I just purchased one of these from my local Costco store for CAD$80: http://www.acurite.com/8-professional-digital-weather-station-with-weather-ticker-pc-connect-01025.html. The outdoor sensor reads temperature, humidity, wind speed, wind direction, and rain, and communicates this data wirelessly to the base-station in the house. The system also figures out dew point, barometric pressure, wind chill, heat index, and some other things that I can't think of at the moment. The outdoor sensor even has a little solar panel to extend the battery life. You can see the output from my weather station here: http://www.wunderground.com/weatherstation/WXDailyHistory.asp?ID=IBCSURRE23
The system is capable of communicating with a computer, and regularly uploading the collected data to Acu-rite's website, and from there capable of uploading that information to Wunderground.com.
Overall, this seems to work great. There are a couple of glitches in the data sent to wunderground.com (no hourly rainfall data, for example) that apparently Acu-rite is working on. However, there seems to be no published timeline for the fix. There are also rumblings that they may expose parts of their API, but again no details on this either.

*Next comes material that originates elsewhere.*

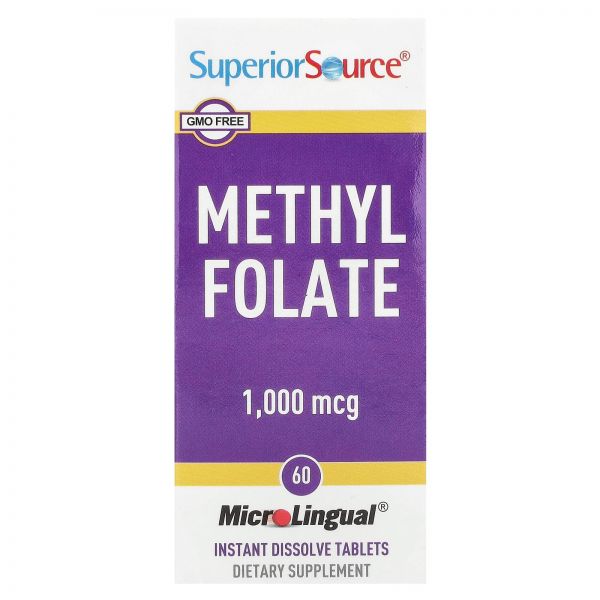 Superior Source, 메틸엽산, 1,000mcg, 빠르게 용해되는 정제 60정 Source (슈피리어 <b>소스</b>)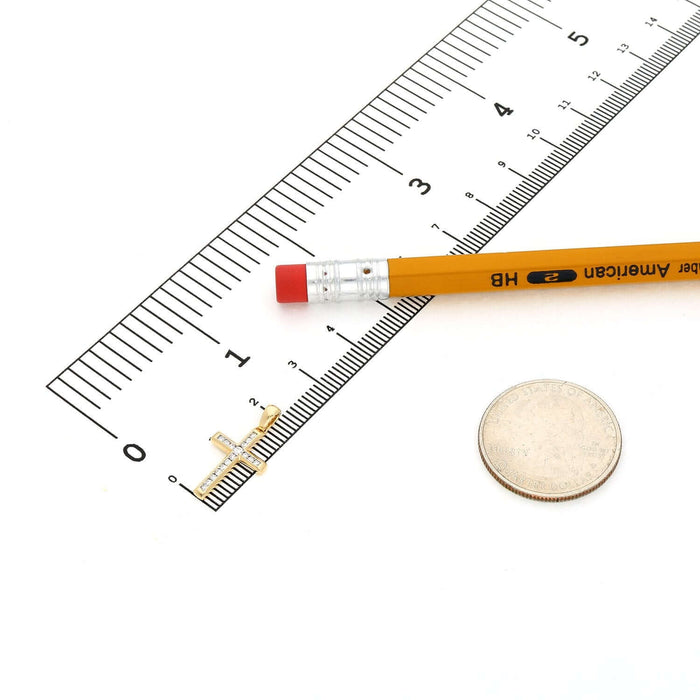 0.12CTW Natural Diamond Real 10K Gold Cross Pendant 0.83" – Classic Polished Style - WJD Exclusives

Now the big question is, what would it take to listen to the RF transmissions from the 5-in-1 weather with an mbed? This might be the way to go for anyone interested in a reasonably accurate collection of weather sensors IF we can figure out how to snoop on the transmissions and interpret their data.
Chris
Has anyone worked with one of these Sparkfun weather sensor setups or know of some other low cost options?
http://www.sparkfun.com/products/8942
It includes an anemometer, wind vane, and rain gauge. Also has mounting hardware with RJ11 connections and cables to the sensors.
The anemometer uses a reed switch, so simple frequency detection can be used to measure wind speed. The wind vane uses a potentiometer (or eight switches?) to detect wind direction. The rain gauge acts as a switch that closes at measured increments when the cup fills and dumps out the rain.
It has some documentation at http://www.sparkfun.com/datasheets/Sensors/Weather/Weather%20Sensor%20Assembly..pdf . Price is about the same as an mbed. I also considered hacking a low-cost home weather station setup, but they don't have documentation on sensors. Also found some RJ11 breakout boards at http://www.gravitech.us/rjbrbo1.html that would come in handy.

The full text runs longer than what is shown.